Not for a while. The technique would need to be refined, tested on non-human primates, and shown to be safe. “The safety studies would likely take 10 to 15 years before FDA or other regulators would even consider allowing clinical trials,” wrote bioethicist Hank Greely in a piece for Scientific American. “The Mitalipov research could mean that moment is 9 years and 10 months away instead of 10 years, but it is not close.” In the meantime, Kaul says, “We’ll get the method to perfection so that when it’s possible to use it in a clinical trial, we can.”

Isn’t this a slippery slope toward making designer babies?

In terms of avoiding genetic diseases, it’s not conceptually different from PGD, which is already widely used. The bigger worry is that gene-editing could be used to make people stronger, smarter, or taller, paving the way for a new eugenics, and widening the already substantial gaps between the wealthy and poor. But many geneticists believe that such a future is fundamentally unlikely because complex traits like height and intelligence are the work of hundreds or thousands of genes, each of which have a tiny effect. The prospect of editing them all is implausible. And since genes are so thoroughly interconnected, it may be impossible to edit one particular trait without also affecting many others.

“There’s the worry that this could be used for enhancement, so society has to draw a line,” says Mitalipov. “But this is pretty complex technology and it wouldn’t be hard to regulate it.”

Wait, haven’t I read about DIY gene-editors, who are using CRISPR in their basement labs?

Yes, but none of those people are using the technique to edit human embryos. Mitalipov’s work is essentially a form of IVF. “It’s not simple IVF either,” he says. “Everything needs to be done exactly the way we did it. You’d need to do a biopsy with every embryo to screen for off-target mutations. You can’t do it at home.”
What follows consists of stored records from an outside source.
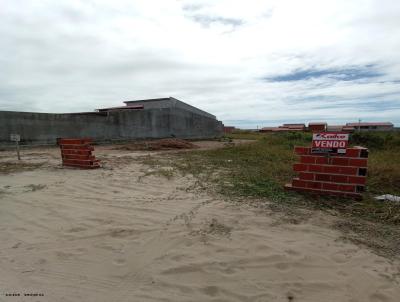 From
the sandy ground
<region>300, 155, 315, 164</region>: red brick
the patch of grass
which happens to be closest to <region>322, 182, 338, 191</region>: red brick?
the patch of grass

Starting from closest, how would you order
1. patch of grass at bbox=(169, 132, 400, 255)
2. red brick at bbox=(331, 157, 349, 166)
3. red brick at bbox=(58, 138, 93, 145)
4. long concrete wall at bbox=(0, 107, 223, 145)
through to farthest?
1. patch of grass at bbox=(169, 132, 400, 255)
2. red brick at bbox=(331, 157, 349, 166)
3. red brick at bbox=(58, 138, 93, 145)
4. long concrete wall at bbox=(0, 107, 223, 145)

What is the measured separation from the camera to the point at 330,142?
516 centimetres

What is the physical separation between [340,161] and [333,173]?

So, this isn’t the start of Gattaca?

I doubt it.

Brave New World?


Does this discovery have any social importance at all?

“It’s not so much about designer babies as it is about geographical location,” says Charo. “It’s happening in the United States, and everything here around embryo research has high sensitivity.” She and others worry that the early report about the study, before the actual details were available for scrutiny, could lead to unnecessary panic. “Panic reactions often lead to panic-driven policy ... which is usually bad policy,” wrote Greely.